Whitecap Resources Centre
- Interactive map of Whitecap Resources Centre
- Former names: Weyburn Colosseum (1960-2008) Crescent Point Place (2008-2025)
- Location: 327 Mergens St. Weyburn, SK
- Owner: City of Weyburn
- Operator: City of Weyburn
- Capacity: 1,495

Construction
- Opened: 1960

Tenant
- Weyburn Red Wings (SJHL) (1961–present)

= Whitecap Resources Centre =

Indoor arena in Saskatchewan, Canada

Whitecap Resources Centre (formerly Crescent Point Place) is an indoor multi-use arena in Weyburn, Saskatchewan. Located in the city's agricultural grounds, it is the home arena of the Weyburn Red Wings of the Saskatchewan Junior Hockey League (SJHL), and is host of the Saskatchewan Oil and Gas Show.

== History ==
The venue originally opened as the Weyburn Colosseum. In 2008, naming rights were acquired by Crescent Point Energy (now Veren, Inc.), renaming it Crescent Point Place. The naming rights helped to fund a series of renovations, such as updated dressing rooms, additional seating, and new luxury boxes. In 2010, the arena and adjacent Tom Zandee Sports Arena underwent additional renovations, including an updated lobby.

In November 2024, the arena was temporarily closed after an ammonia leak in the new ice plant that had been installed the previous year.

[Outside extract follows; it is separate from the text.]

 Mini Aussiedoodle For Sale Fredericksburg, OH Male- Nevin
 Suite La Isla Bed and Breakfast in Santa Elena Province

In August 2025, it was announced that the arena would be renamed Whitecap Resources Centre as part of the acquisition of Veren by Whitecap Resources. The naming rights will last for at least one year.

== Notable events ==
The arena has hosted concerts featuring performers such as Dean Brody and Volbeat.

The arena hosted the 2016 Esso Cup, the Canadian women's midget hockey championship.

The arena hosts the biennial Saskatchewan Oil and Gas Show; the arena floor and adjacent Tom Zandee Sports Arena are used as indoor convention space, while outdoor exhibits are housed on the agricultural grounds.